Voilà, Madame, la Maniere la plus préciſe & la plus nette, par la quelle les Cartéſiens ſoutiennent la Spiritualité de l’Ame. Dès qu’on la leur a accordée, il leur eſt aiſé d’en tirer des Preuves très fortes pour ſon Immortalité. La Deſtruction d’une Subſtance, diſent-ils, n’emporte point la Deſtruction de l’autre. Ainſi, la Subſtance étendue étant diſtincte de la ſpitituelle elles ne ſont point détruites enſemble. D’ailleurs, la Subſtance étendue ne périt point entiérement : il n’arrive qu’un Changement, ou une Diſſolution, dans quelques Parties de la Matiere, qui demeure toujours dans la Nature ; comme, l’orſqu’on briſe une Horloge, il n’y a point de Subſtance détruite, quoiqu’on diſe que l’Horloge eſt détruite. Ainſi, une Subſtance n’étant appellée détruite, que par la Diſſolution de ſes Parties, l’Ame ou la Subſtance ſpirituelle ne peut être jamais détruite, puiſqu’elle n’eſt point diviſible, ni compoſée d’aucune Partie, & doit, par conſéquent être immortelle.

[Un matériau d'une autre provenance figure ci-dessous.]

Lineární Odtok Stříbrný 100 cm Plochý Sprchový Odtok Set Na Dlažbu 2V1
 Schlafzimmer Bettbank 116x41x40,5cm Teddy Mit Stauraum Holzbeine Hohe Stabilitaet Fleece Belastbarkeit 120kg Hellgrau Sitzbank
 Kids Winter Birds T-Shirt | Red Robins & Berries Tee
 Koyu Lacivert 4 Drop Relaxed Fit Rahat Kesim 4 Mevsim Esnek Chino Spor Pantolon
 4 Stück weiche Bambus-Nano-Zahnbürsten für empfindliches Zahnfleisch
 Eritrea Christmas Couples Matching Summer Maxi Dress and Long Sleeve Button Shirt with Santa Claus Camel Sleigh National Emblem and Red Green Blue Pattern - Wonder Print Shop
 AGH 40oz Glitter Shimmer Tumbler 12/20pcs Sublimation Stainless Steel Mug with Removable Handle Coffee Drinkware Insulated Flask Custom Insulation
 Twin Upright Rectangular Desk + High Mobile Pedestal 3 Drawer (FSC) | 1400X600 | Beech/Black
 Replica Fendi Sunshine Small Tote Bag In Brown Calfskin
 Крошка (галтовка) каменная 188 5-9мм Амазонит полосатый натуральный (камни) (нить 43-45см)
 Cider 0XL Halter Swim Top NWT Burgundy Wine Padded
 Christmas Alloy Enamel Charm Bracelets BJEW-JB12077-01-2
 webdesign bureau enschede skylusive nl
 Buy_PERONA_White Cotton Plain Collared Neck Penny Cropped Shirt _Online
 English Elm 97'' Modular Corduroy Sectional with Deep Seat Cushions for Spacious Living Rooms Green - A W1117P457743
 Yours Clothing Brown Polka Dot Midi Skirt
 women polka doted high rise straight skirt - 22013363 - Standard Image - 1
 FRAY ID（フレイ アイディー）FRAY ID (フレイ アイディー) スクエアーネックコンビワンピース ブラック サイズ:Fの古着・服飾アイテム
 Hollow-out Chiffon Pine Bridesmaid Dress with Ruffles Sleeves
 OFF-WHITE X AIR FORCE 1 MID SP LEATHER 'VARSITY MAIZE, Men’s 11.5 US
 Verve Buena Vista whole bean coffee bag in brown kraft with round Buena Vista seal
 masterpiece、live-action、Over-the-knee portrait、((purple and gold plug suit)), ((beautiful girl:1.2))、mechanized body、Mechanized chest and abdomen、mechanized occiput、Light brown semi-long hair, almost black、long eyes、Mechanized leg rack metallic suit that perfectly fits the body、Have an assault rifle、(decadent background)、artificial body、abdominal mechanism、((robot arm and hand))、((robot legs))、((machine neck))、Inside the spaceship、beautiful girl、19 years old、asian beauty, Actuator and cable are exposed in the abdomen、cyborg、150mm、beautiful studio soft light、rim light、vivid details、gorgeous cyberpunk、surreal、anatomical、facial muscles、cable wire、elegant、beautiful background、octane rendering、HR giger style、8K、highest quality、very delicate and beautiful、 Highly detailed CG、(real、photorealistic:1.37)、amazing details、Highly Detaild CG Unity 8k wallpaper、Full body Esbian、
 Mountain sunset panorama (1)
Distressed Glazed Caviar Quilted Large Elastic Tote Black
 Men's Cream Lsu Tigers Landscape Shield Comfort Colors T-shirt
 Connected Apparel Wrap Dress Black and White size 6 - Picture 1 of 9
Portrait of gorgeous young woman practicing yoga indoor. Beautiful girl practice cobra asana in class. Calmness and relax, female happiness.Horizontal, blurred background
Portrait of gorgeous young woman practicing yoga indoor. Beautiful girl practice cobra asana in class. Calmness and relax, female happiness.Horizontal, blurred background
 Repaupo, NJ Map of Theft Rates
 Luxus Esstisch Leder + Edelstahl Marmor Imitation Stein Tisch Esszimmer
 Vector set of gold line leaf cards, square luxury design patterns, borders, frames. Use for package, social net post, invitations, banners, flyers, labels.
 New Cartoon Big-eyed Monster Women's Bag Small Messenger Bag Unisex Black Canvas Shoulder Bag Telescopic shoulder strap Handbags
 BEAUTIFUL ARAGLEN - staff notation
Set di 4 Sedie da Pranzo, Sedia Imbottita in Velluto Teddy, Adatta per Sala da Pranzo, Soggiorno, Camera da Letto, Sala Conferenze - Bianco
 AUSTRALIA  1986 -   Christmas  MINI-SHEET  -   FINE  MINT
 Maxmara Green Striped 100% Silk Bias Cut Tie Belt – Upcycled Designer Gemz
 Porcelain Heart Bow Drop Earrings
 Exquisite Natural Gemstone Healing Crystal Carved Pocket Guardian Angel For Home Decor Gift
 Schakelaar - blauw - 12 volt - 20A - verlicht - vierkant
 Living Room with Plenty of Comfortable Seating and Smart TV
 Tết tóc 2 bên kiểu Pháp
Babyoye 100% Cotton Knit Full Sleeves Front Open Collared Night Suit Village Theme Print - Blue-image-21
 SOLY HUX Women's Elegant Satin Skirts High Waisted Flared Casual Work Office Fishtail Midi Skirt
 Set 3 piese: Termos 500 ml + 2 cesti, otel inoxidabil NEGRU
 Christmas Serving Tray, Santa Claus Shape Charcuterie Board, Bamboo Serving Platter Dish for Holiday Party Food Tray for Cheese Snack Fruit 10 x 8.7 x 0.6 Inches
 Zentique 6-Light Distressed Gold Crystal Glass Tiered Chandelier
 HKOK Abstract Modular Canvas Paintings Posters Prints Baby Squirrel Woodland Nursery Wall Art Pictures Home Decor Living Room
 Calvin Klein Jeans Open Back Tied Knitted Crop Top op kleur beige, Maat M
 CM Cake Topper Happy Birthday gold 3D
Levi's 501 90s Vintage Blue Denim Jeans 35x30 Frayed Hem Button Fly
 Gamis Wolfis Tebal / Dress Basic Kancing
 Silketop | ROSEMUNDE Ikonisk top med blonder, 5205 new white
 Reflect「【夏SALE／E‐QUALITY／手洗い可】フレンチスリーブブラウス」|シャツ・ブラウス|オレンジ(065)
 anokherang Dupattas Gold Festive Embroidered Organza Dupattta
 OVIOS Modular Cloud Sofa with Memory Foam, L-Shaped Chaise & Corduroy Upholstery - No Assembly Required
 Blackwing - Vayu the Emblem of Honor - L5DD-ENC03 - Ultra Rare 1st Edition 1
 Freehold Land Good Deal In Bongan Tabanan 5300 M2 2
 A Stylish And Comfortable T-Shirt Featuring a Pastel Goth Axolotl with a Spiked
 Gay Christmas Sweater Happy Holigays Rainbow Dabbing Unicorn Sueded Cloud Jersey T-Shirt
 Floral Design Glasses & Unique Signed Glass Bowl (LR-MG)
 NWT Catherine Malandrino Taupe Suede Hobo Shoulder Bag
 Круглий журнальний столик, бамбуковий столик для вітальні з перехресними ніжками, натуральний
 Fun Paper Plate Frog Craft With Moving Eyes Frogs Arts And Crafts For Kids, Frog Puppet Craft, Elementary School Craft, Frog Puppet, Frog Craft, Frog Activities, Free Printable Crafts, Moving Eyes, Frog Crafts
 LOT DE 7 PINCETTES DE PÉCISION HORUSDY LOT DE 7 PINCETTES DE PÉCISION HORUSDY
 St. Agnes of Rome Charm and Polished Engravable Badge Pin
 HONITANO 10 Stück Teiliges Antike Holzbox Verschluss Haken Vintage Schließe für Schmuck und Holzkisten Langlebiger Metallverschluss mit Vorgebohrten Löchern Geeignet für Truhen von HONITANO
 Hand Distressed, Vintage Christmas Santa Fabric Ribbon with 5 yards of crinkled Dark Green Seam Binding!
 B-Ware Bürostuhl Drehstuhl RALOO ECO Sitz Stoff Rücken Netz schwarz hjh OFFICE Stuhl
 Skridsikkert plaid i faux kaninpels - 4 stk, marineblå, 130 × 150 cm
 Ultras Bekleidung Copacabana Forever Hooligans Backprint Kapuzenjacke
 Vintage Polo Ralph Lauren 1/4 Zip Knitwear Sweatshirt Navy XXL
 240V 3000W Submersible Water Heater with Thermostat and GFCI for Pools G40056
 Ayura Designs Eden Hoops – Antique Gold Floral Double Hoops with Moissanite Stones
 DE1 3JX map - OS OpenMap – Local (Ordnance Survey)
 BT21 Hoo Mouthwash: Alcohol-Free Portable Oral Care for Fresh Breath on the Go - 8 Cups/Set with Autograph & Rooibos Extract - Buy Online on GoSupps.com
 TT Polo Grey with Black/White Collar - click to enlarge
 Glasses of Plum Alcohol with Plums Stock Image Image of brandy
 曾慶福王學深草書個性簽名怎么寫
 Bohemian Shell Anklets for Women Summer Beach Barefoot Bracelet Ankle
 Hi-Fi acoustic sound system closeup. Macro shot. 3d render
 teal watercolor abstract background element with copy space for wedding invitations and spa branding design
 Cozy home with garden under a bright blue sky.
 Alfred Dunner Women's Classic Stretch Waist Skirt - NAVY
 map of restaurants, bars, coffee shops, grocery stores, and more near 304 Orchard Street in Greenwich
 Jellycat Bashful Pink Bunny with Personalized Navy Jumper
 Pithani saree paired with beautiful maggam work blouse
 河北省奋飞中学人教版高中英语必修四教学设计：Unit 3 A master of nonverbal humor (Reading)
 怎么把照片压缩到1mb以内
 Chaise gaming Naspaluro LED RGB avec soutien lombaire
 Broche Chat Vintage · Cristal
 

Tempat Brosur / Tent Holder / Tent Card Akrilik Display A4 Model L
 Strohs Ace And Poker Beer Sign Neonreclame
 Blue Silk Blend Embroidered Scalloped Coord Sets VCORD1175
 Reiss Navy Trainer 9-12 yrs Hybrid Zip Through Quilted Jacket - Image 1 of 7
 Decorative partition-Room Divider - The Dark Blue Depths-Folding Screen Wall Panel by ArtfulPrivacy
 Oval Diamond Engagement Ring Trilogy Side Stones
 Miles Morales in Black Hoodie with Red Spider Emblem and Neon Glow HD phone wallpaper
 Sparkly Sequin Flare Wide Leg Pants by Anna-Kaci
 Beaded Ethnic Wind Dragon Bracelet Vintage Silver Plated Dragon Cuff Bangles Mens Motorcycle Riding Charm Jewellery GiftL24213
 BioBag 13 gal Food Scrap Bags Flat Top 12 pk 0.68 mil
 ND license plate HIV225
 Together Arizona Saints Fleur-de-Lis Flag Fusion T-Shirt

Quelque fortes que paroiſſent ces Raiſons, prenez garde, Madame, qu’en accordant aux Cartéſiens la Spiritualité de l’Ame, ils ne ſont pas même en Droit de conclurre, qu’elle doive être abſolument immortelle : car, lorſqu’ils diſent que l’Ame, n’étant point compoſée de Parties, & ne pouvant être diviſée, ne peut périr ; il ne réſolvent point la Difficulté, que Dieu peut avoir créé l’Ame ſpirituelle, & avoir voulu qu’elle mourût avec le Corps. Toute Choſe, qui a eu un Commencement, peut avoir une Fin. Celui, qui a créé la Matiere de Rien, peut l’annihiler : & celui, qui a créé l’Eſprit, peut l’avoir créé mortel, ou le rendre tel, s’il le veut. Ainſi, en ſuppoſant que l’Ame fût ſpirituelle, nous n’aurions point encore de Preuve évidente qu’elle dût être abſolument immortelle, ſi la Révélation ne nous l’apprenoit : & l’Objection qu’on fait, que n’étant point compoſée, & n’étant point diviſible, elle ne peut être détruite, n’a de Force, qu’autant qu’on ſuppoſe que le Créateur a voulu qu’elle fût immortelle ; puiſque celui, qui crée de Rien une Choſe, ſoit ſpirituelle, ſoit corporelle, peut lui fixer un Tems où elle retournera à Rien : à moins qu’on ne ſe figure, qu’il faut beaucoup plus de Puiſſance pour créer un Etre, que pour l’annihiller, & que Dieu ait appris en confidence à certain Philoſophe juſqu’où va ſa Puiſſance.

Le Pere Mallebranche n’a donc pas dû parler avec autant de Mépris de Montagne, ſur ce qu’il ne voïoit pas évidemment la Néceſſité de l’Immortalité de notre Ame : puiſque je défie tous les Philoſophes, dès qu’ils ne voudront point s’appuïer de l’Autorité de la Révélation, de prouver qu’il ſoit abſolument néceſſaire que l’Ame ſoit immortelle, en leur accordant même l’Avantage de reconnoître avec eux ſa Spiritualité.

Vous concevez, Madame, que ceux, qui ſoutiennent que l’Ame eſt matérielle, ont encore un Avantage bien plus conſidérable pour combattre ſon Immortalité. Je vais donc vous faire éxaminer leurs Raiſons, & celles de leurs Adverſaires.

  1. On examine cette Question par les ſeuls Secours de la Lumière Naturelle, & comme pourroient faire des Gens qui ne ſeroient point éclairez par la Révélation.
  2. Mallebranche, Recherche de la Vérité, Livre IV, Chap VII, pag. 428.